Blog - Los desastres de la guerra

por Gervasio Sánchez

Diario de la infamia (3 de abril de 2003)

Hace 10 años empecé Diario de la Infamia coincidiendo con el inicio de la invasión en Irak. Durante un mes escribí cada día un artículo criticando duramente aquella guerra contra un criminal y genocida llamdo Sadam Husein. A pesar de que mis artículos pudieron molestar a los dueños del diario jamás recibí ninguna recomendación para que cambiara el tono de mis artículos. Durante estos diez años he regresado muchas veces an Iraq y he visto como el país se iba desangrando.


NORMALIZACION DE LA BARBARIE (Publicado el 3 de abril de 2003)

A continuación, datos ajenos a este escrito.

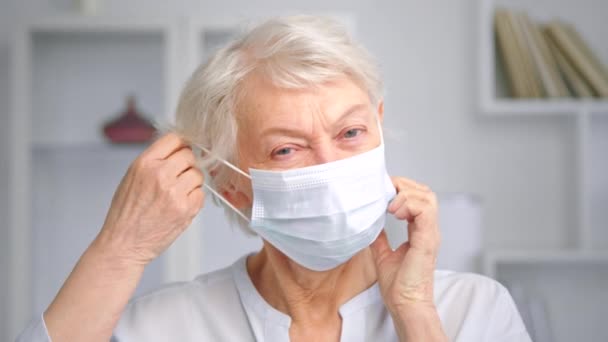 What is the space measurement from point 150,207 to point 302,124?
314 millimetres

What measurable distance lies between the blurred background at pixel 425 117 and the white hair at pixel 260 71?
1.39 meters

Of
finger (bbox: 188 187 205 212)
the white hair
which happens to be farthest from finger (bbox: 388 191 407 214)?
finger (bbox: 188 187 205 212)

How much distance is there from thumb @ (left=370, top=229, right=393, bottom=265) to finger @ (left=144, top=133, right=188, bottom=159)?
1.41 feet

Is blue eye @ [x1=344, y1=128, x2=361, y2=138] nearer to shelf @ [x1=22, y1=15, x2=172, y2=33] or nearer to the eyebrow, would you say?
the eyebrow

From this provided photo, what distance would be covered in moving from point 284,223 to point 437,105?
1.90 m

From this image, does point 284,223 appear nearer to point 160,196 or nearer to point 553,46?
point 160,196

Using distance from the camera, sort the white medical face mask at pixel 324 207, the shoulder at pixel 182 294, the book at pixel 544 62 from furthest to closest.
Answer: the book at pixel 544 62 → the shoulder at pixel 182 294 → the white medical face mask at pixel 324 207

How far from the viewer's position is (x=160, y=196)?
4.17 feet

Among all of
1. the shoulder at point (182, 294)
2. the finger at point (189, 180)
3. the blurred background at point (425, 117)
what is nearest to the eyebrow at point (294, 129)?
the finger at point (189, 180)

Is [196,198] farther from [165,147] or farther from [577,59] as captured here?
[577,59]

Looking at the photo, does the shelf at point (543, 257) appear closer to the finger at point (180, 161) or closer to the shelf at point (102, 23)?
the shelf at point (102, 23)

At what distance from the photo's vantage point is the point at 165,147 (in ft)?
4.33

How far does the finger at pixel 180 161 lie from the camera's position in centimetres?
129

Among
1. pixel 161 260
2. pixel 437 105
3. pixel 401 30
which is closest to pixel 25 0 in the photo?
pixel 161 260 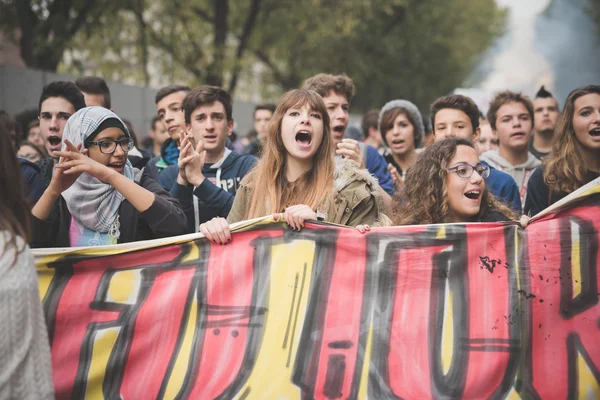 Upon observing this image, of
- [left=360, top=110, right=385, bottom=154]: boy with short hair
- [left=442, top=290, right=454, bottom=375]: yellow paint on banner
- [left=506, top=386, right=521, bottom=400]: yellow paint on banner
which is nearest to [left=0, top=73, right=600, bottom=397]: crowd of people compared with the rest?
[left=442, top=290, right=454, bottom=375]: yellow paint on banner

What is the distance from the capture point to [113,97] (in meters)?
12.2

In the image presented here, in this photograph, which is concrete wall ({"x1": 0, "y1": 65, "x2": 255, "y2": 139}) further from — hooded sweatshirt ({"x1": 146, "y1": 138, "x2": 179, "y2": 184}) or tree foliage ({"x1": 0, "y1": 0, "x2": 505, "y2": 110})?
hooded sweatshirt ({"x1": 146, "y1": 138, "x2": 179, "y2": 184})

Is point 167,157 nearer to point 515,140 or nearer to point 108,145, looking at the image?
point 108,145

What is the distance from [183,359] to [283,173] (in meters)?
1.22

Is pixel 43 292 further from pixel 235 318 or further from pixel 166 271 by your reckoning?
pixel 235 318

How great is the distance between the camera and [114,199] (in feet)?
13.3

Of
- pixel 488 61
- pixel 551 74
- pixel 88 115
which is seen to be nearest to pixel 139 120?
pixel 88 115

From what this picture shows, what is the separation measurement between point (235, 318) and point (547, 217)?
4.99 ft

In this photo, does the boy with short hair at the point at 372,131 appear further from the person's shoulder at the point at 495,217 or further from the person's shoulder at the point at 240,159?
the person's shoulder at the point at 495,217

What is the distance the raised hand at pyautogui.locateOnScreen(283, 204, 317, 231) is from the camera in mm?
3742

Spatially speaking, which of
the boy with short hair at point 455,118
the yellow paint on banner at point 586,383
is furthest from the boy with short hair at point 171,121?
the yellow paint on banner at point 586,383

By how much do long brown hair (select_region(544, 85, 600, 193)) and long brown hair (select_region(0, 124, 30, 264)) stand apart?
3.18 m

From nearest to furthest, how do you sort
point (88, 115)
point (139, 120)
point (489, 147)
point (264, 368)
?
point (264, 368)
point (88, 115)
point (489, 147)
point (139, 120)

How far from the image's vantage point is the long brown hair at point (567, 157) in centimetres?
471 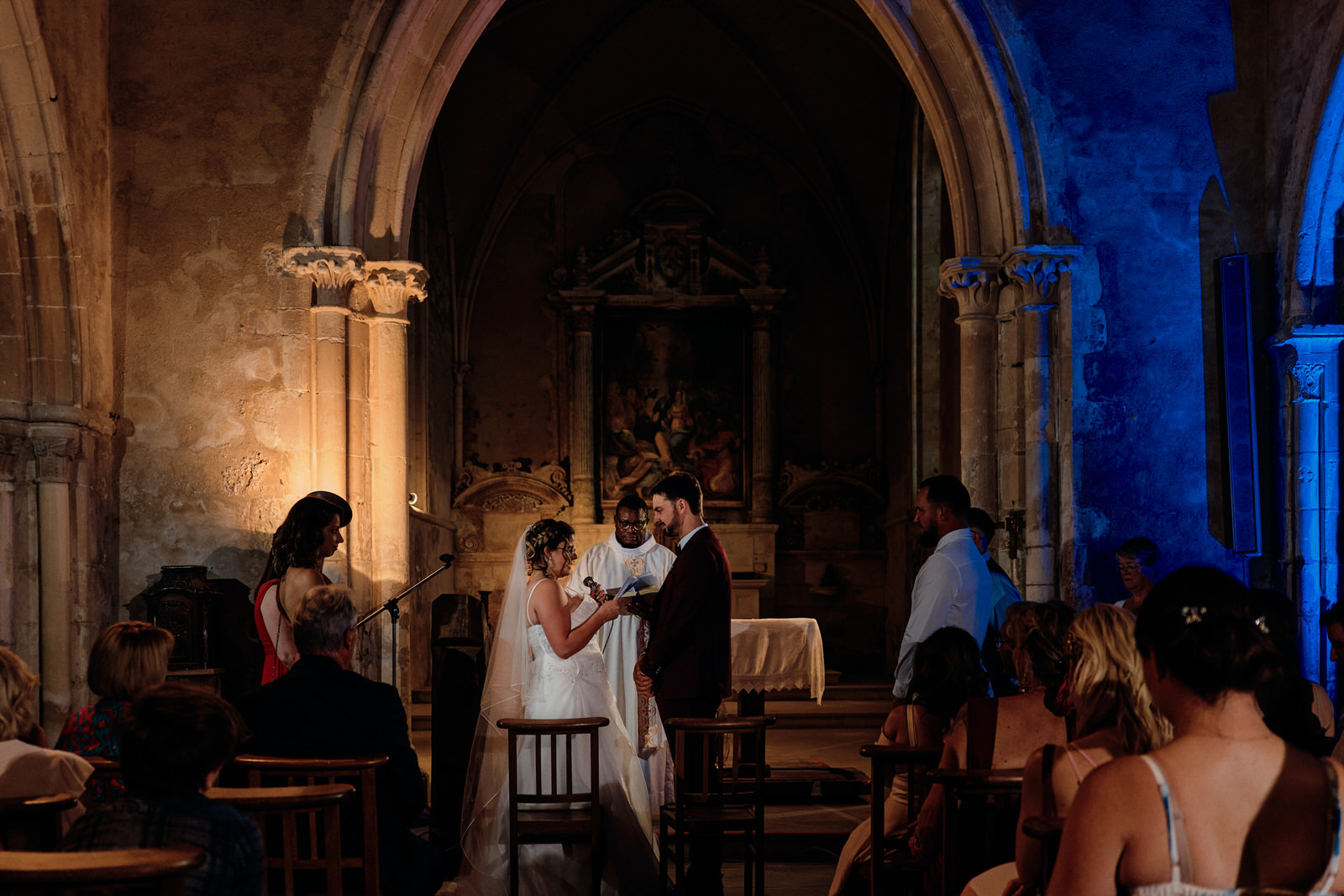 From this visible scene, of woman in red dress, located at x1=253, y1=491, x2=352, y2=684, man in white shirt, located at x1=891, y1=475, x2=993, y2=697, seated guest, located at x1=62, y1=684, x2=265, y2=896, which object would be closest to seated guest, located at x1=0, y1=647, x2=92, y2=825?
seated guest, located at x1=62, y1=684, x2=265, y2=896

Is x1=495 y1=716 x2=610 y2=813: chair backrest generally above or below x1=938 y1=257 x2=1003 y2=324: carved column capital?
below

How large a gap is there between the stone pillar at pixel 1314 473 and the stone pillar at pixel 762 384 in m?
7.79

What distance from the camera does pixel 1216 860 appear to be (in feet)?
5.88

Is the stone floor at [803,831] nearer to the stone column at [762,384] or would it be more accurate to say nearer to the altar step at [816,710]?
the altar step at [816,710]

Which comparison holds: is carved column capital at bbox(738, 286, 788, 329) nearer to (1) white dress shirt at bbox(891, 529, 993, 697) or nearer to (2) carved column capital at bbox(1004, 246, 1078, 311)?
(2) carved column capital at bbox(1004, 246, 1078, 311)

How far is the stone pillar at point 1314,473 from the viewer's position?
6695mm

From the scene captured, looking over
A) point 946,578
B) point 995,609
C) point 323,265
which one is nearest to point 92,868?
point 946,578

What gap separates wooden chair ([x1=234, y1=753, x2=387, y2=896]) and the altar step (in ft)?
22.2

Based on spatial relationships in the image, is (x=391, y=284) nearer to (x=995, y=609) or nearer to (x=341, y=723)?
(x=995, y=609)

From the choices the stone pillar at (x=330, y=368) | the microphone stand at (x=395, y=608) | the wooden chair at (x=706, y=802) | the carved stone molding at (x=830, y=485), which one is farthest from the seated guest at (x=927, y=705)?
the carved stone molding at (x=830, y=485)

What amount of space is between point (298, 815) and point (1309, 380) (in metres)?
5.95

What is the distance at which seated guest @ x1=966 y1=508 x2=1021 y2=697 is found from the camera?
5.21 meters

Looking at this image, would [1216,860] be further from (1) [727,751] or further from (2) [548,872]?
(1) [727,751]

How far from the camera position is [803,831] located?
19.5 ft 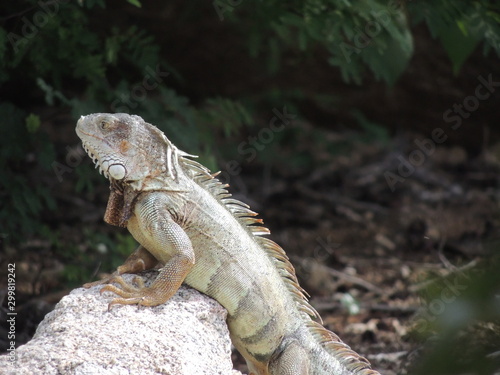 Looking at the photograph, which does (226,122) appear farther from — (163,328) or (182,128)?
(163,328)

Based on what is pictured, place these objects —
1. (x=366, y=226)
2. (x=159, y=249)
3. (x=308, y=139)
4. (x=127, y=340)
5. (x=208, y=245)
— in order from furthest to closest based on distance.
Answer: (x=308, y=139) → (x=366, y=226) → (x=208, y=245) → (x=159, y=249) → (x=127, y=340)

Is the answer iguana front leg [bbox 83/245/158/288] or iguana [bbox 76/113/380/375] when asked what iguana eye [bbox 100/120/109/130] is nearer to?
iguana [bbox 76/113/380/375]

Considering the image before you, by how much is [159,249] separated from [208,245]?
313 millimetres

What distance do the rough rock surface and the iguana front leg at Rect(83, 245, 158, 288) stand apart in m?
0.09

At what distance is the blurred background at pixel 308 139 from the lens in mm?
5949

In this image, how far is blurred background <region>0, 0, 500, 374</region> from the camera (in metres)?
5.95

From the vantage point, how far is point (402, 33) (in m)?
6.61

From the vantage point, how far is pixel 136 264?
14.0ft

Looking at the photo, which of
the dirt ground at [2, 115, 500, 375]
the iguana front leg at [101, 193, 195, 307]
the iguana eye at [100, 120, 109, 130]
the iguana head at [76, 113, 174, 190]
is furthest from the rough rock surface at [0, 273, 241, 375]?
the dirt ground at [2, 115, 500, 375]

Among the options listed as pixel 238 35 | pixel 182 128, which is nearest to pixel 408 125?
pixel 238 35

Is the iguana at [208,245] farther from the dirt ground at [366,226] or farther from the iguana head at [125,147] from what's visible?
the dirt ground at [366,226]

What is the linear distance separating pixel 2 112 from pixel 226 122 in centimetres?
221

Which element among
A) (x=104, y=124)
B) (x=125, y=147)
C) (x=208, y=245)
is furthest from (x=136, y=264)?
(x=104, y=124)

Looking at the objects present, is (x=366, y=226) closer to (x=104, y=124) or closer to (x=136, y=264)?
(x=136, y=264)
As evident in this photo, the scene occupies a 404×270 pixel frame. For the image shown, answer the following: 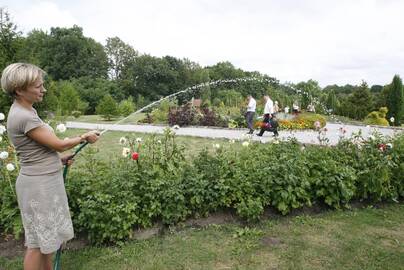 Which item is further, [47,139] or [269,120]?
[269,120]

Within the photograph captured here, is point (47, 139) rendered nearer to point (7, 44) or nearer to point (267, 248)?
point (267, 248)

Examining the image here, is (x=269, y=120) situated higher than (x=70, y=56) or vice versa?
(x=70, y=56)

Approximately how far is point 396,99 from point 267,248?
19665 mm

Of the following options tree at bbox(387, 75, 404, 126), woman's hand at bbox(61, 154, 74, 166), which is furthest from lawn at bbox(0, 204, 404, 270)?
tree at bbox(387, 75, 404, 126)

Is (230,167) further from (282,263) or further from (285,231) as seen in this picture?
(282,263)

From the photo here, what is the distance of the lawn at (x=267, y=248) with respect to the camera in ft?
9.27

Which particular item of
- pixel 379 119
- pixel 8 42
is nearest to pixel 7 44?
pixel 8 42

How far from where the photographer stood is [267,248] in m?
3.10

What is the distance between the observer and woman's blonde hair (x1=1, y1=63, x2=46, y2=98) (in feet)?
6.30

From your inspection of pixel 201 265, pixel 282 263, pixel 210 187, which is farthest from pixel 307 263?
pixel 210 187

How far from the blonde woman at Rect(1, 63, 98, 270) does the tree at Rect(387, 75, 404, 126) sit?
20704 mm

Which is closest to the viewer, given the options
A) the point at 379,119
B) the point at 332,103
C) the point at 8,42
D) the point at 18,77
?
the point at 18,77

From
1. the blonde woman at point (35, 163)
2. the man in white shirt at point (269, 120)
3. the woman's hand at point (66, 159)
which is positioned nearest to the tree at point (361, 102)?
the man in white shirt at point (269, 120)

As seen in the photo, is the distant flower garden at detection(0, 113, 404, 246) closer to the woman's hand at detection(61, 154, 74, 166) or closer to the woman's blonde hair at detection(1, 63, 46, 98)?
the woman's hand at detection(61, 154, 74, 166) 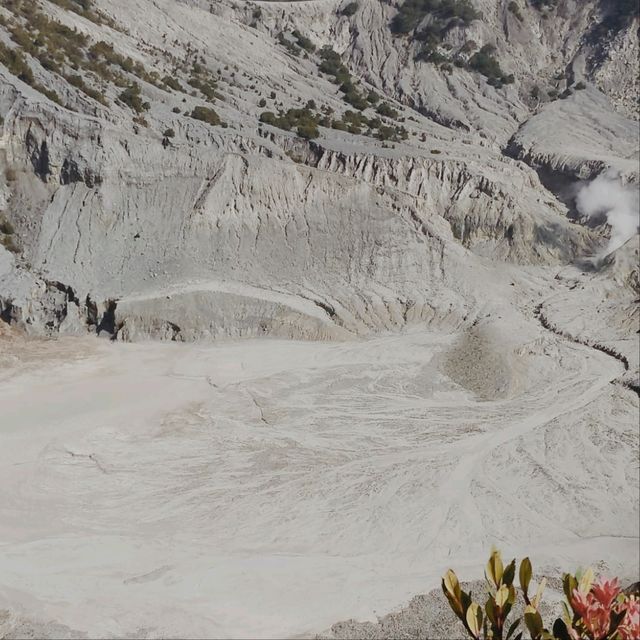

La guerra gotea sangre desde el primer minuto y colapsa nuestras defensas anímicas muy rápido. Las imágenes del horror nos persiguen en nuestros trabajos, en los comedores de nuestras casas, en los sueños más profundos. Persiguen a nuestros hijos que ya hablan con naturalidad de bombardeos, disparos y muertos. Sentimos pena y rabia por el dolor gratuito.


Queremos parar la guerra, gritamos un No rotundo en las calles, sentimos que estamos cumpliendo con nuestro deber cívico mientras una nueva ración de muerte y desesperación atraviesan la pantallas de los televisores. Con qué facilidad llegan las nuevas imágenes, puntuales, nítidas, desnudas. No se necesitan palabras para explicar el nuevo desastre.


Vemos a un hombre enseñando a un bebé destrozado como si fuera un muñeco de goma. Vemos a otro hombre llorando rodeado de los ataúdes, de esas cajas de madera barata, apuntaladas a toda prisa, donde duermen sus hijos y sus seres queridos para siempre. Vemos amputados, heridos con suerte y heridos sin suerte, heridos que vivirán, heridos que morirán. Vemos la barbarie. Y quedamos atrapados en un profundo dolor.


José Saramago ha escrito: “El dolor llena todo el espacio, se arrastra por los corredores, sube por las paredes, hace añicos los cristales de las ventanas, revienta el techo, es un aullido, un grito lacerante, un gemido sordo y continuo, un silencio”.


En silencio miramos. En silencio escuchamos los gritos que llegan desde el campo de batalla. En silencio sentimos una profunda repugnancia por los responsables. En silencio nos sentimos atrapados en la frustración. En silencio caminamos con la inseguridad de un niño de corta edad o un borracho. En silencio odiamos a un mundo que es capaz de permitir la debacle. En silencio queremos la mejor anestesia contra el daño que sentimos. En silencio nos enfrentamos a la normalización de la barbarie en nuestras vidas.


Todas las guerras provocan los mismos sentimientos en las personas cabales. La exasperación da paso a un dolor intenso que necesitamos combatir con remedios urgentes. Queremos ayudar como aquella niña de 11 años que preguntaba al periodista por qué no escondía a varios niños en su coche y los sacaba de Sarajevo cuando abandonaba el cerco.


Como aquellas personas que se planteaban adoptar a los niños ruandeses que morían en los orfanatos de Goma en el verano de 1994. Que pedían desesperadas información para iniciar los trámites burocráticos. Como aquellas personas que deseaban una niña china huérfana después de haber visto un reportaje sobre las condiciones de vida en los orfanatos de aquel país.


Ahora queremos salvar a los niños iraquíes que sufren los bombardeos. Seríamos capaces de alojarlos en nuestras casas un día, un mes, un año o toda la vida con tal de evitar su sufrimiento. Pagaríamos lo que fuera por no sentir ese golpe doloroso cada mañana cuando hojeamos los diarios o vemos los informativos. Como nos sentimos culpables, automedicamos nuestra conciencia con deseos imposibles.


Quizá no somos culpables del todo. ¿Se puede ser culpable cuando la decisión la han tomado otros? NO. Pero si entramos en el territorio movedizo de la ambigüedad podemos afrontar diferentes niveles de culpabilidad. Se es culpable por acción. Los que ordenan la matanza. Se es culpable por omisión. Quienes las permiten, quienes la silencian, quienes la excusan, quienes olvidan a los “injusticiados”. Entonces, la culpa puede ser universal.